## Available data
****************

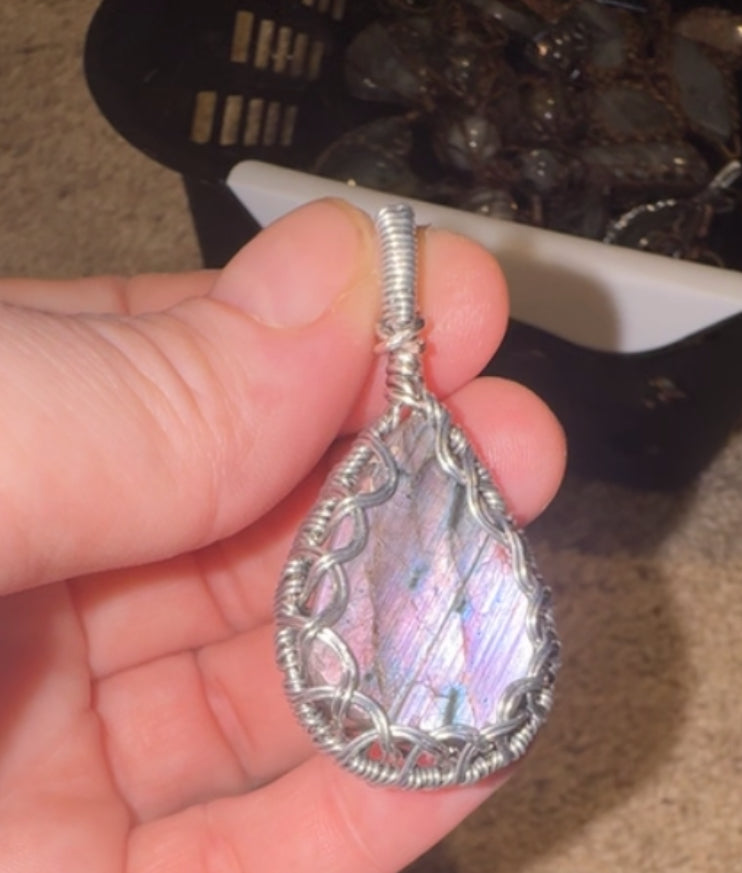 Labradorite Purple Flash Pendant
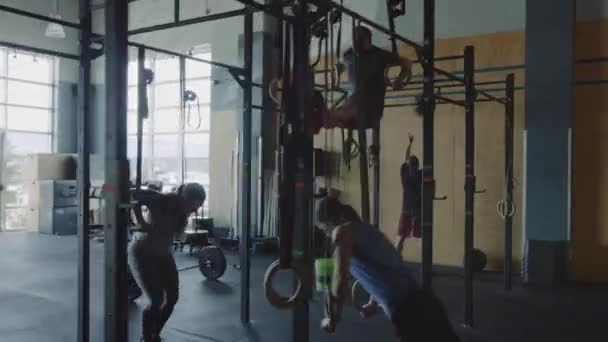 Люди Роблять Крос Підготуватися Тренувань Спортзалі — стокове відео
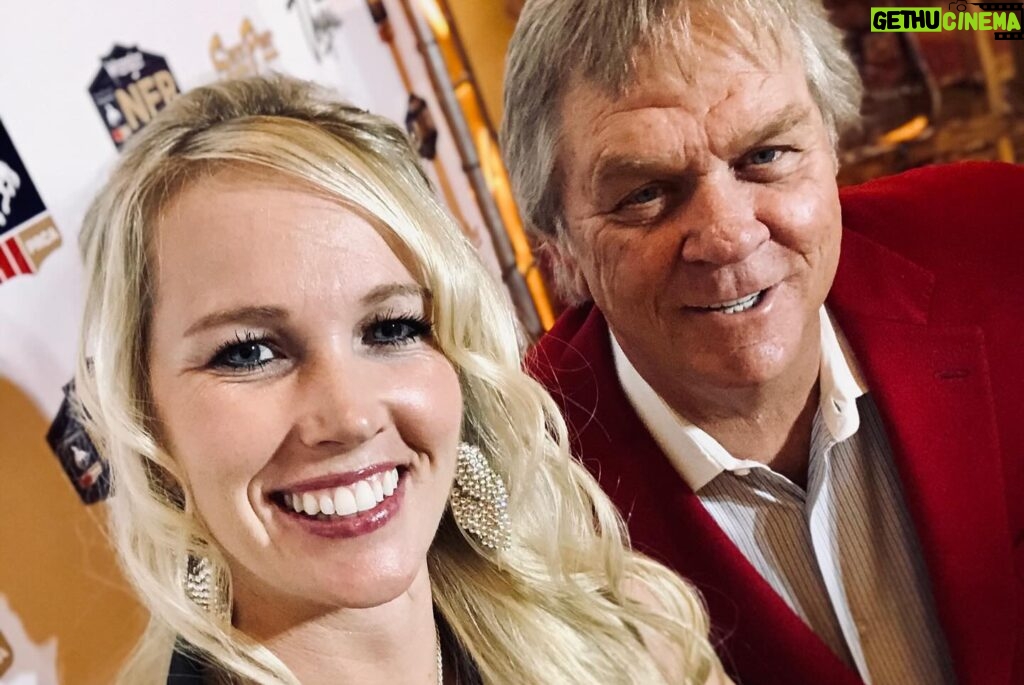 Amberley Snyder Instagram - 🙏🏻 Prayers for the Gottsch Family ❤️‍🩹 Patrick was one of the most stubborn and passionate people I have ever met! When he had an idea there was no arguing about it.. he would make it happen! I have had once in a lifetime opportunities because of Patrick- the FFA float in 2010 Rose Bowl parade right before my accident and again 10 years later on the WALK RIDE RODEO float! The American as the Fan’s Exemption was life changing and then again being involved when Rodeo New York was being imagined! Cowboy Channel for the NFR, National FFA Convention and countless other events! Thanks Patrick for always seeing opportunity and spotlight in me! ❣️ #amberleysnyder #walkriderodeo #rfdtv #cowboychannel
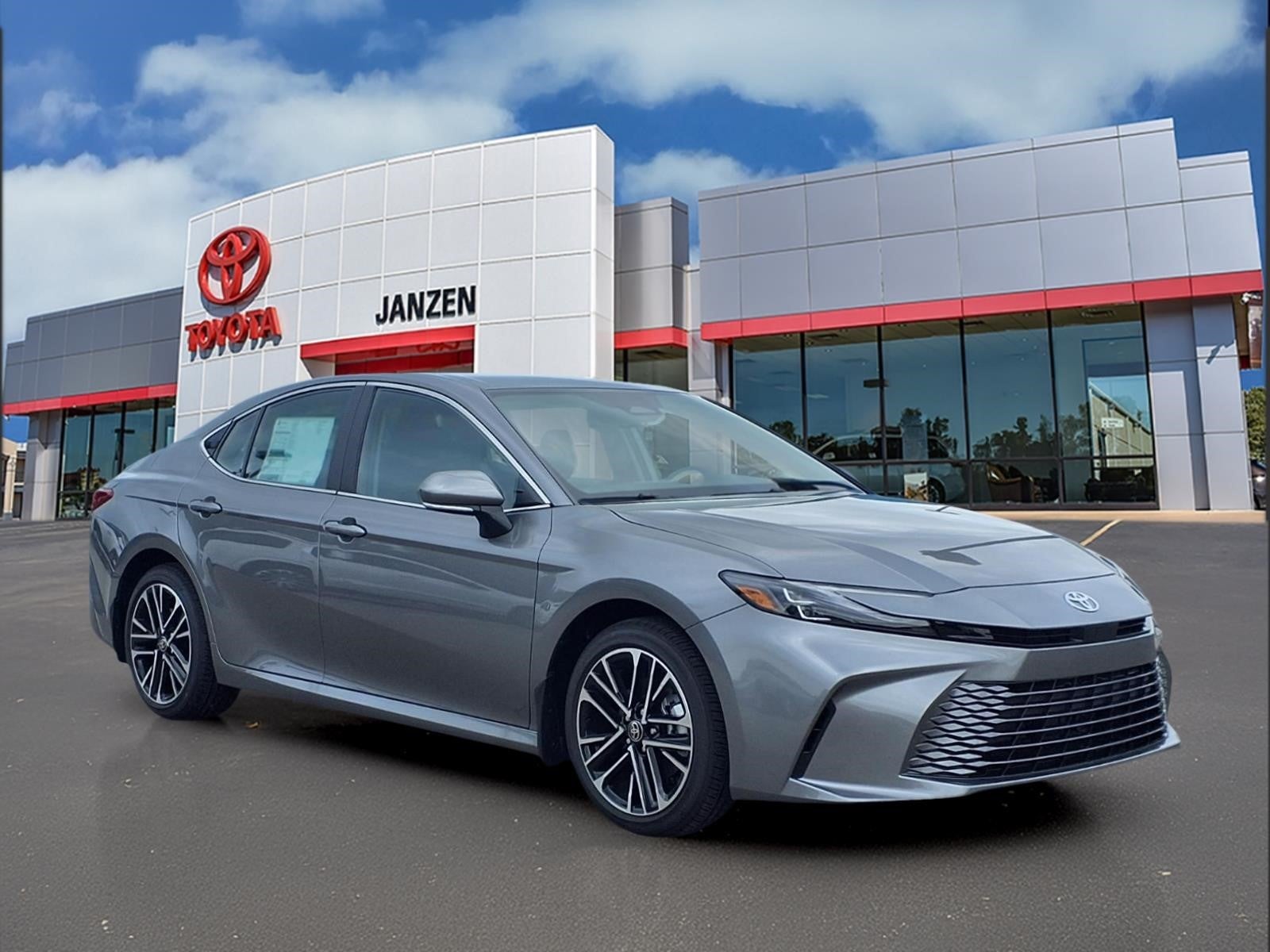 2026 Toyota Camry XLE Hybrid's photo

****************

## What this task involves
Each line above must be set down exactly, though no picture should be carried over.

## Answer for this exercise
 Labradorite Purple Flash Pendant
 Люди Роблять Крос Підготуватися Тренувань Спортзалі — стокове відео
 Amberley Snyder Instagram - 🙏🏻 Prayers for the Gottsch Family ❤️‍🩹 Patrick was one of the most stubborn and passionate people I have ever met! When he had an idea there was no arguing about it.. he would make it happen! I have had once in a lifetime opportunities because of Patrick- the FFA float in 2010 Rose Bowl parade right before my accident and again 10 years later on the WALK RIDE RODEO float! The American as the Fan’s Exemption was life changing and then again being involved when Rodeo New York was being imagined! Cowboy Channel for the NFR, National FFA Convention and countless other events! Thanks Patrick for always seeing opportunity and spotlight in me! ❣️ #amberleysnyder #walkriderodeo #rfdtv #cowboychannel
 2026 Toyota Camry XLE Hybrid's photo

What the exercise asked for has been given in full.